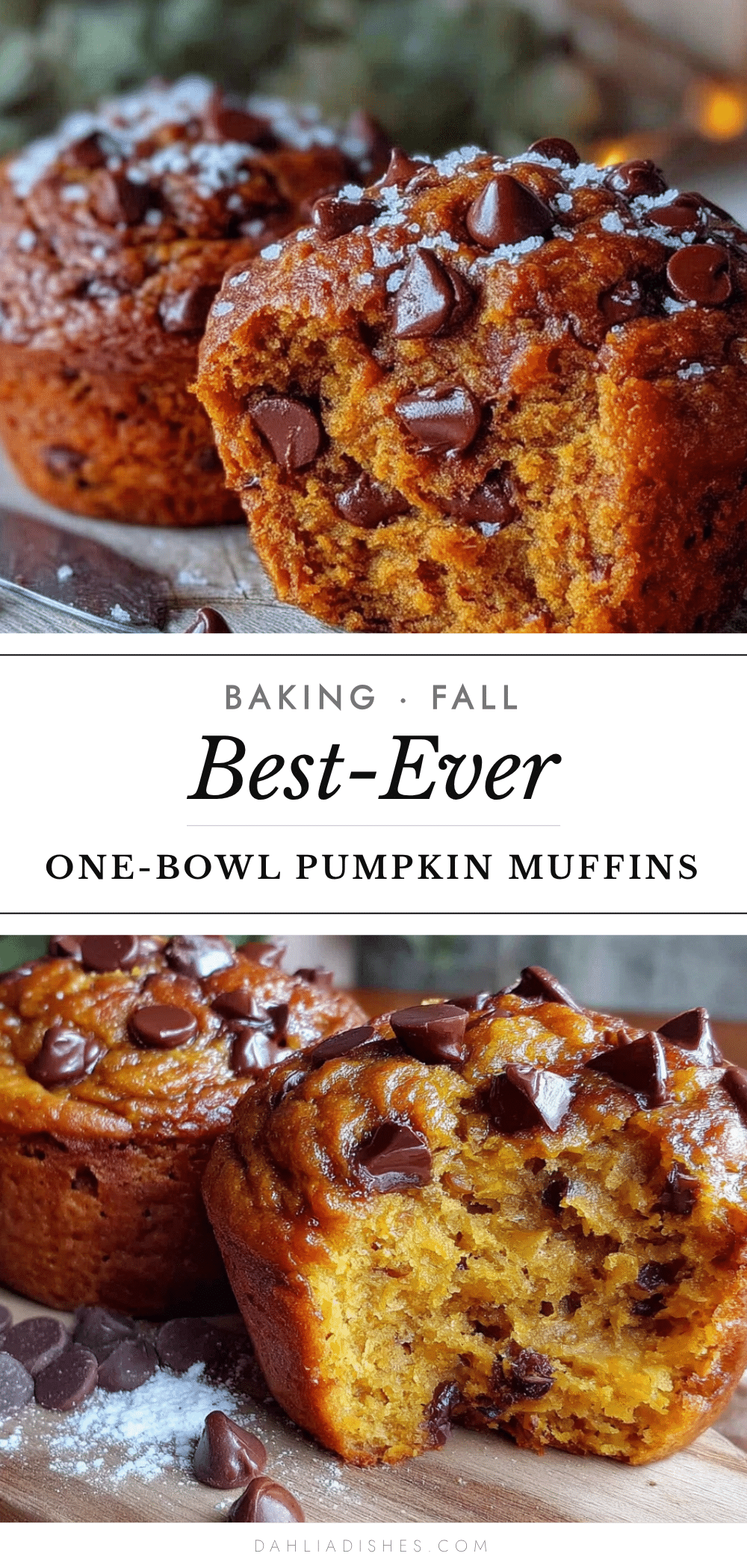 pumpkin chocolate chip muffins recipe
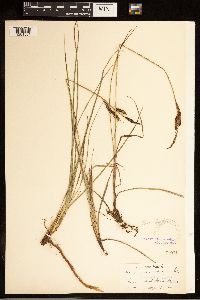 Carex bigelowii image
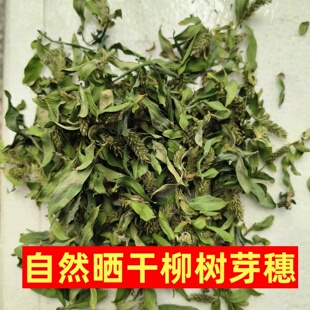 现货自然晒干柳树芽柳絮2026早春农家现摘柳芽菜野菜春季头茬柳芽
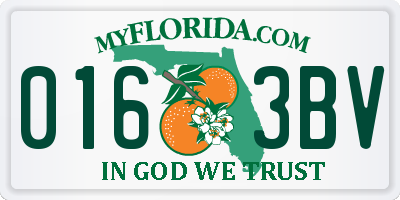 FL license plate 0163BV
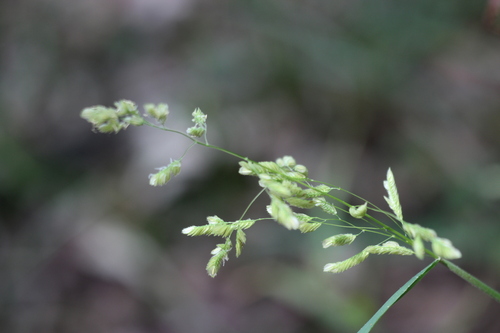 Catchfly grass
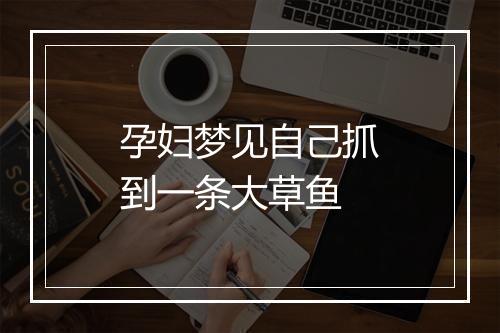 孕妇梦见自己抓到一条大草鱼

= = = = = = =

Above are records to transcribe exactly; leave their pictures out.

 pumpkin chocolate chip muffins recipe
 Carex bigelowii image
 现货自然晒干柳树芽柳絮2026早春农家现摘柳芽菜野菜春季头茬柳芽
 FL license plate 0163BV
 Catchfly grass
 孕妇梦见自己抓到一条大草鱼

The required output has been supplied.